Microvascular decompression: Samii et al. described the first case of surgical decompression of the trochlear nerve in 1998. A Goretex or Teflon graft is inserted between the offending artery and the trochlear nerve. The arterial loop usually arises from the superior cerebellar artery and affects the nerve at the root entry zone, causing axonal compression. Intraoperative electromyography showed the erratic axonal discharge causing SOM, which stopped following the placement of a Teflon graft. 

There have subsequently been a total of six cases described in the literature using different neurosurgical approaches. Half the patients had postoperative trochlear nerve palsy that lasted from weeks to months but recovered. The procedures were curative of the symptoms of SOM. The commonest surgical approach has been the retrosigmoidal approach. Kawasaki et al. have suggested that the lateral superior cerebellar approach gives a better operative view allowing fine manipulation of the vessel and the nerve for decompression. In the retrosigmoidal approach, there is no retraction of the cerebellum, and this may limit the operative view.

Neurosurgical microvascular decompression of the trochlear nerve root is reserved for patients with intractable symptoms not alleviated with medial treatments or focal superior oblique tendon and muscle surgery. Such patients should always undergo neuroimaging to look for vascular anomalies in the vicinity of the origin of the trochlear nerve and also to exclude brainstem tumors.[12]

History of the neurovascular compression theory: The neurovascular compression theory was proposed by Peter Jannetta when he was a neurosurgery resident at the University of California. In 1965, while performing cranial nerve microdissections for dental students, Jannetta identified the trigeminal portio intermedia. He proposed that preserving these sensory fibers may avoid the facial numbness that was common after surgery for trigeminal neuralgia. He and Robert Rand developed a subtemporal transtentorial approach to achieve selective rhizotomy for trigeminal neuralgia.

As such surgery would be forbidden for a resident to perform at the University of California hospital, he operated on a patient with John Alksne at the Harbor General Hospital. On seeing the trigeminal nerve compression by the superior cerebellar artery at surgery, he said, "that's the cause of the tic." He proposed that alleviating the compression of the nerve may be curative.

Some months later, when examining a patient with hemifacial spasm, it occurred to Jannetta that a similar microvascular compression could cause this condition. He went on to perform the first Jannetta microvascular decompression procedure on this patient with success. The neurosurgical cognoscenti of the time were not inclined to accept such radical theories from a resident.

Over decades, the refinement of his surgical technique and presenting his results led to the acceptance of microvascular decompression surgery for trigeminal neuralgia and hemifacial spasm. It is considered one of the great advances in neurosurgeries, and the approach is now applied to other conditions such as SOM and glossopharyngeal neuralgia. Interestingly, the concept of compression of nerve roots by normal vessels was introduced by Dandy and Gardner. Indeed, Dandy had been able to identify compression of the trigeminal nerve root by the superior cerebellar artery loop in 30.7% and compression by a branch of the petrosal vein in 14% of the 215 cases he presented in 1934. This was prior to the use of microscopes.

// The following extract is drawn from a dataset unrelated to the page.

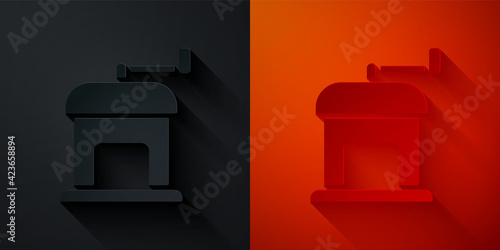 Paper cut Manual coffee grinder icon isolated on black and red background. Paper art style. Vector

Interestingly, he did not consider separating the compressing vessels from the nerve. Gardner, in 1962 reported placing a gel foam pad between a compressing artery and nerve in cases of trigeminal neuralgia and hemifacial spasm.

Management algorithm: Based on a review of the cases described in the literature and the results of medical and surgical interventions, the logical management of SOM would be as follows:

  • A patient diagnosed with SOM but is asymptomatic or minimally symptomatic: no treatment prescribed and watchful waiting.
  • A patient diagnosed with SOM and who is symptomatic: trial of topical beta-blockers like timolol, betaxolol, levobunolol. A gradual reduction in the dose, even down to treatment every few weeks, is tried if the patient responds to treatment.
  • A patient diagnosed with SOM is symptomatic and has not responded to topical beta-blockers: trial of medical treatments such as baclofen, gabapentin, carbamazepine, or memantine. These patients can be weaned off these drugs over time.
  • A patient diagnosed with SOM is symptomatic and has not responded to topical beta-blockers or systemic medications: obtain neuroimaging prior to offering any surgery. The least invasive surgery with the fewest side effects should be undertaken. Consider partial weakening of the superior oblique tendon. The patient may need ipsilateral inferior oblique myectomy, depending upon the degree of superior oblique muscle weakening.
  • A patient diagnosed with SOM is symptomatic and has intractable symptoms with failure of the above treatments; obtain proper neuroimaging looking for vascular compromise of the trochlear nerve. Consider neurosurgical neurovascular decompression.[16]

Differential Diagnosis

Inferior oblique myokymia: Inferior oblique myokymia is a rare condition described by Chinskey and Cornblath in 2013. The eye demonstrates excyclotorsion as opposed to incyclotorsion seen in SOM. The excyclotorsion can be induced by the supraduction of the eye.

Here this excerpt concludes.